**Work task:** For the entries that follow, retype exactly the lines from the one containing "bathroom featuring vanity, toilet, and" to the one containing "Slide: The Image", inclusive, and only those. Images stay out of the copy.

**Dataset records:**
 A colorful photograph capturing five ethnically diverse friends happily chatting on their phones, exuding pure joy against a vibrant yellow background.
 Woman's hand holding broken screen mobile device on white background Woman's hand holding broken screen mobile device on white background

==

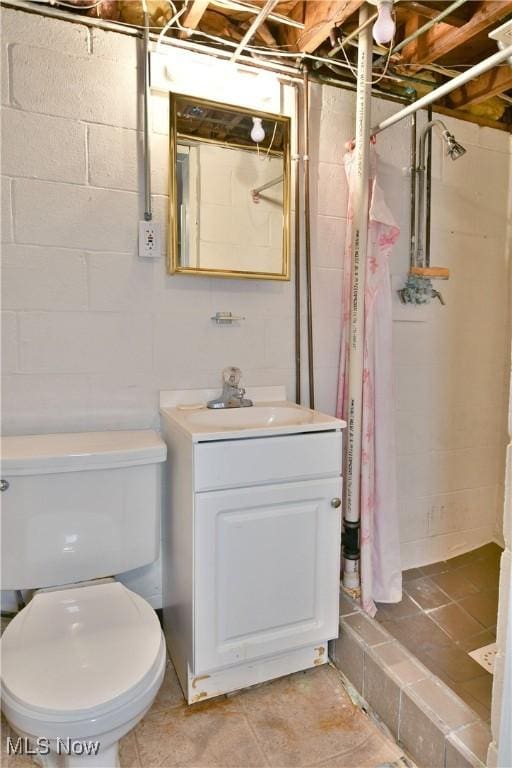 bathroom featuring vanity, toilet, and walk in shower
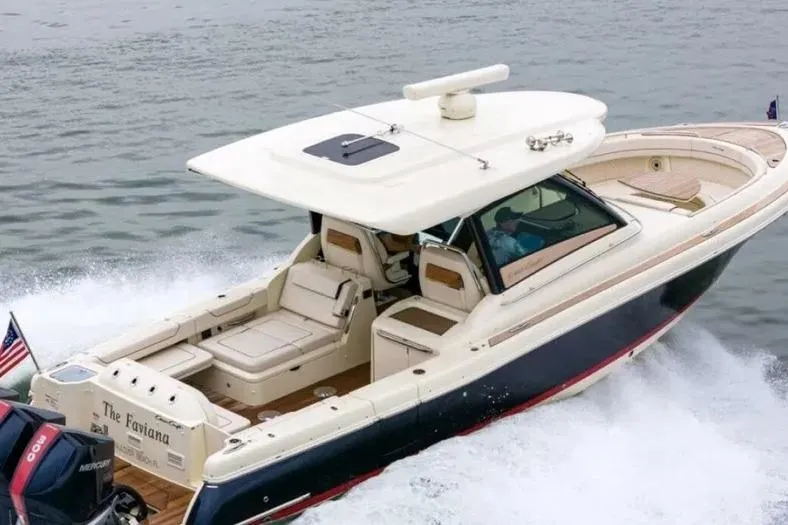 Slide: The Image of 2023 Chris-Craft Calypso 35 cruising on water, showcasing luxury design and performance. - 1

---

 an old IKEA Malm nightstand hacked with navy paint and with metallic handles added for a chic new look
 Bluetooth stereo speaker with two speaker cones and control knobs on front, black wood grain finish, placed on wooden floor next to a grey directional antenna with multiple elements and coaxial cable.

**Solution to the exercise:**
 bathroom featuring vanity, toilet, and walk in shower
 Slide: The Image of 2023 Chris-Craft Calypso 35 cruising on water, showcasing luxury design and performance. - 1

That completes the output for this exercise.